◆ **EXTRACTED INFORMATION**:
■ ■ ■ ■ ■ ■ ■

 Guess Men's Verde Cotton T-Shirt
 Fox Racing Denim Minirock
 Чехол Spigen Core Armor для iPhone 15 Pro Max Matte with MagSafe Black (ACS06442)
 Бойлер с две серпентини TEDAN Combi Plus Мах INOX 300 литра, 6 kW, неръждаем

■ ■ ■ ■ ■ ■ ■

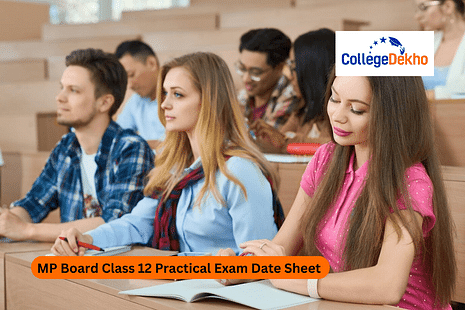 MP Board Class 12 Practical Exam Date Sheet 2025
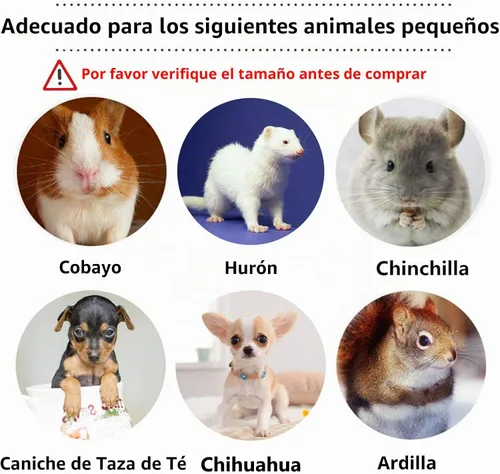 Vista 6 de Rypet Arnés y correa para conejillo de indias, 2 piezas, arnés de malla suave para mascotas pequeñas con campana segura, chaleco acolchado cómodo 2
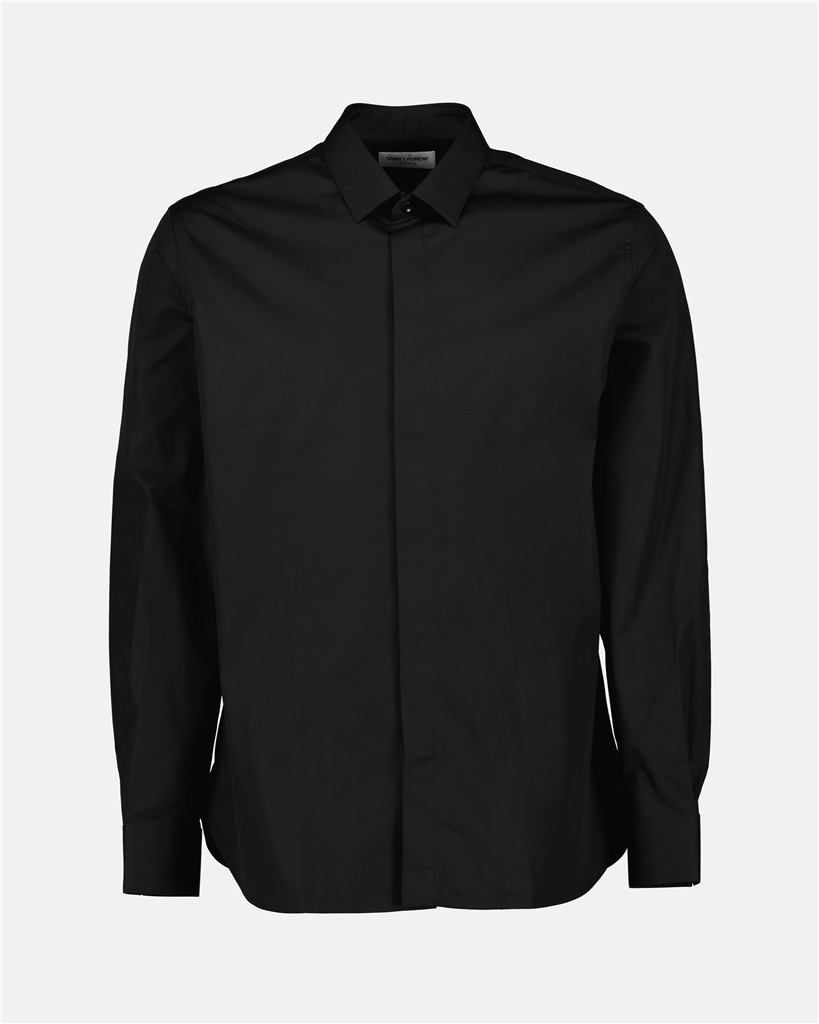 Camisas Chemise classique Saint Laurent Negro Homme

■ ■ ■ ■ ■ ■ ■

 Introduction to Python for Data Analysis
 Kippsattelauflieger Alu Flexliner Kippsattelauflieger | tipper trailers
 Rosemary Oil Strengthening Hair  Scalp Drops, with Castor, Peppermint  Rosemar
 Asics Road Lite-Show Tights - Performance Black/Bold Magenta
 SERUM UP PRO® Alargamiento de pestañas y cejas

■ ■ ■ ■ ■ ■ ■

◆ **TASK**: If a picture sits between the line containing "MP Board Class" and the line containing "Camisas Chemise classique", leave it out, and return the lines of that range above exactly, both ends included.

◆ **SOLUTION TO THIS EXERCISE**:
 MP Board Class 12 Practical Exam Date Sheet 2025
 Vista 6 de Rypet Arnés y correa para conejillo de indias, 2 piezas, arnés de malla suave para mascotas pequeñas con campana segura, chaleco acolchado cómodo 2
 Camisas Chemise classique Saint Laurent Negro Homme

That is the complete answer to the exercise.